▶ [Prompt]
Leave out the pictures and retype, exactly, the lines below from the line with "FOTOS DE VALENTINA" up to and including the line with "121 Northview Court, Peekskill, NY", nothing more.

▶ [Provided entries]
____________

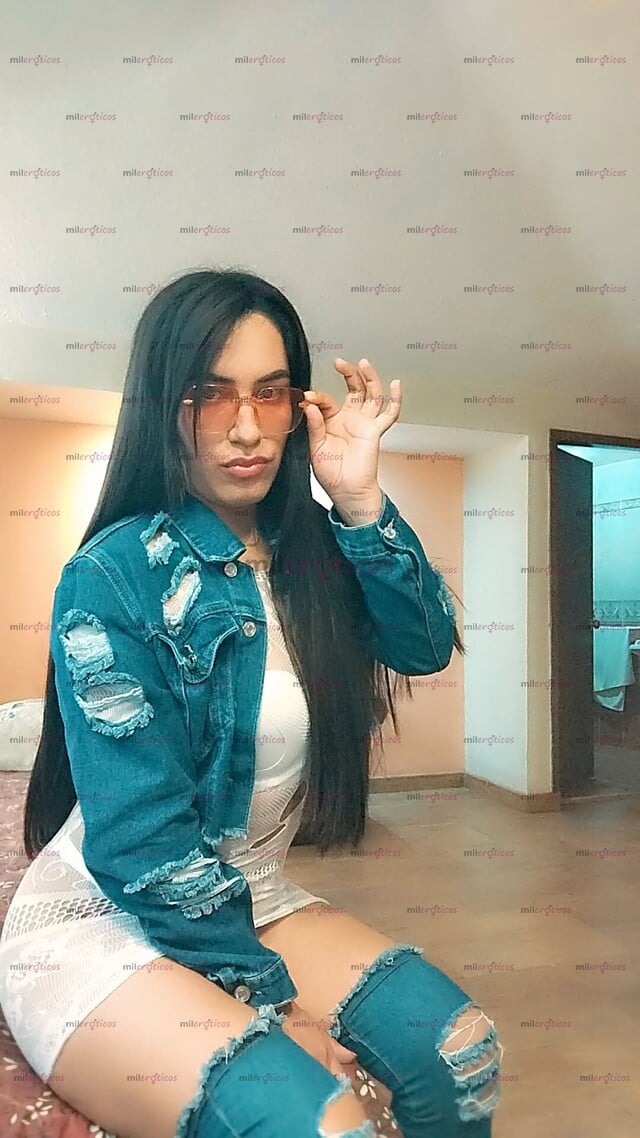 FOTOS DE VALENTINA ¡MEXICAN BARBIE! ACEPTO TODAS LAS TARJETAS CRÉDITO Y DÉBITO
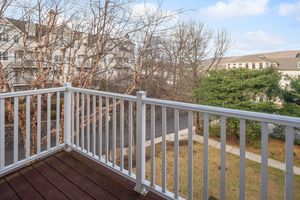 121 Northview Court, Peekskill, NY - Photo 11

____________

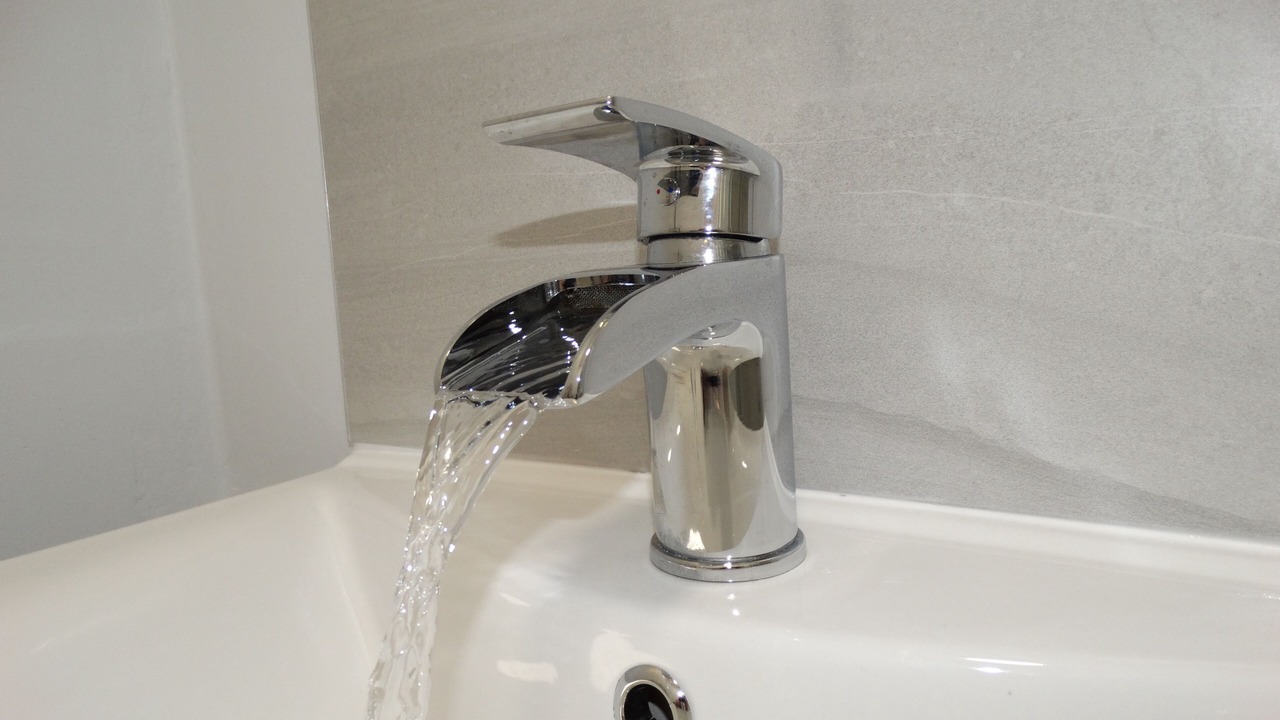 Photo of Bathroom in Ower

____________

▶ [Worked solution]
 FOTOS DE VALENTINA ¡MEXICAN BARBIE! ACEPTO TODAS LAS TARJETAS CRÉDITO Y DÉBITO
 121 Northview Court, Peekskill, NY - Photo 11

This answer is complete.